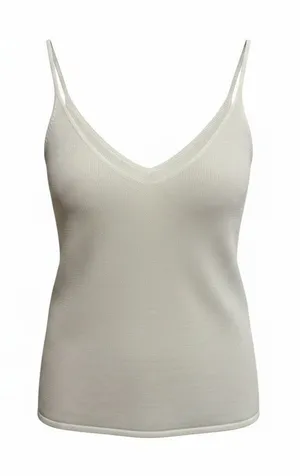Leith Ivory Knit V Neck Double Strap Sweater Tank Top white Medium‎ thumbnail 1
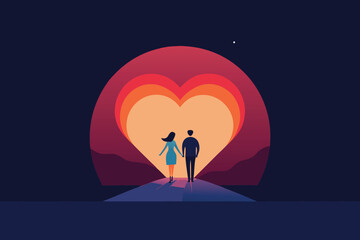 A couple walking towards a heart shaped opening in the night sky, symbolizing love, romance, and a bright future together, perfect for valentines day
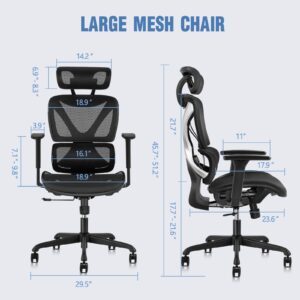 GABRYLLY Ergonomic Office Chair with Lumbar Support, Big and Tall Mesh Chairs with Adjustable 3D Arms, Headrest & Soft Seat, Large Desk Chair for Home Gaming,Black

TASK GOAL: Since the pictures are not wanted, repeat only the rest of the material, exactly as given.

RESPONSE TO THE TASK:
Leith Ivory Knit V Neck Double Strap Sweater Tank Top white Medium‎ thumbnail 1
 A couple walking towards a heart shaped opening in the night sky, symbolizing love, romance, and a bright future together, perfect for valentines day
 GABRYLLY Ergonomic Office Chair with Lumbar Support, Big and Tall Mesh Chairs with Adjustable 3D Arms, Headrest & Soft Seat, Large Desk Chair for Home Gaming,Black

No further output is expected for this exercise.